Meine Mutter hielt ständig Ausschau nach einem Nebenverdienst, damit das schmächtige Einkommen aus dem Bergheimetli etwas „Schmutz“ (Fett) ansetze. Wie sie auf die Chinchillazucht kam, weiss ich nicht mehr, wahrschenlich durch „Die Grüne“, eine Bauernzeitung, denn in der ganzen weitläufigen Gemeinde gab es wahrscheinlich niemanden, der auch nur den Namen dieses Tieres aussprechen konnte.
Chinchillas seien äusserst heikel aufzuziehen, aber man könne damit sehr gut verdienen. Aus ihren Fellen würden die exklusivsten Pelzmäntel genäht.

Die Vorstellung, die engen Stuben des Bauernhauses mit Käfigen voll gestellt zu bekommen war mir ein Gräuel, fetter Verdienst hin oder her.
Ob der Käfig mit den Hamstern, der eines Tages auf dem Oberen Ofen (Sitzofen) in der Wohnstube stand, ein kostengünstiger Probelauf für die Chinchillas war, weiss ich nicht mehr. Die Hamster wurden zum Glück schon bald von unseren Katzen gefressen, da wir Bauernkinder mit solchen Haustieren keine Erfahrung hatten und wahrscheinlich dachten, die Hämsterchen würden ihr Käfigtürchen vor dem Zubettgehen selber schliessen.
Mit der Chinchillazucht wurde es dann nichts. Die idealen Voraussetzung dazu könnten wir nicht bieten, meinten die Chinchillaexperten.

Letzte Woche las ich einen Bericht über den Chemiker Albert Hofmann, welcher vor 75 Jahren für seinen Arbeitgeber Sandoz das LSD aus dem hochgiftigen Mutterkorn synthetisierte. (Der Bund, 08.09.2018)
Dabei erinnerte ich mich an einen früheren Nebenerwerbs-Versuch meiner Eltern.

Mitte der 50er Jahre pflügte mein Vater den steilen Acker hinter dem Wäldchen. (Der Pflug hing dabei am Drahtseil einer Winde, die von meiner Mutter oder meiner Schwester bedient wurde.)
Das Saatgut lieferte ein Mann, der den Eltern Anweisungen gab und sie ein Papier unterschreiben liess. Auf den Kornsäcken stand Sandoz. Sie schienen etwas Besonderes zu sein, denn Vater und Mutter verbreiteten eine für mich als Kind unerklärliche Nervosität. Die Eltern hatten beschlossen, Mutterkorn anzupflanzen.
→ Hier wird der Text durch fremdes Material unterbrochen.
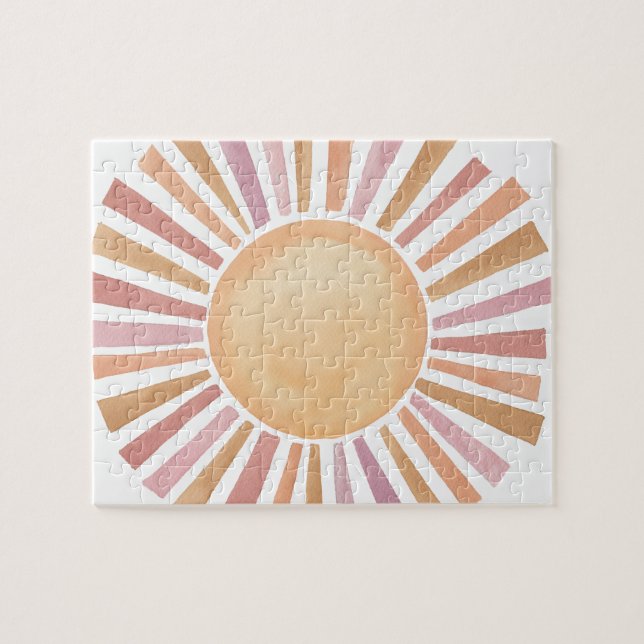 Retro Sun Jigsaw Puzzle mit handgemalten Wasserfar (Horizontal)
Das sei sehr begehrt, weil die Firma Sandoz daraus neue Medikamente herstelle.
Als dann am „stotzigen Bord“ hinter dem Wäldchen die Roggenhalme mit ihren jungen Ähren hoch standen, gingen Vater und Mutter, an den Händen ein nagelbesetztes Holzbrett, durch das Feld, tauchten diese Bretter in einen Kessel mit einer Flüssigkeit, nahmen ein Büschel Halme dazwischen und – klatsch – impften die Ähren mit dem Mutterkorn-Impfstoff. In meiner Erinnerung war das eine langwierige, anstrengende Arbeit, bei welcher wir Kinder nicht mithelfen mussten.
An den Ähren würden nun bald Wolfzähne wachsen.

Mutterkorn

(Foto: Schweizerische Nationalbiblithek NB, abgerufen am 14.08.2018)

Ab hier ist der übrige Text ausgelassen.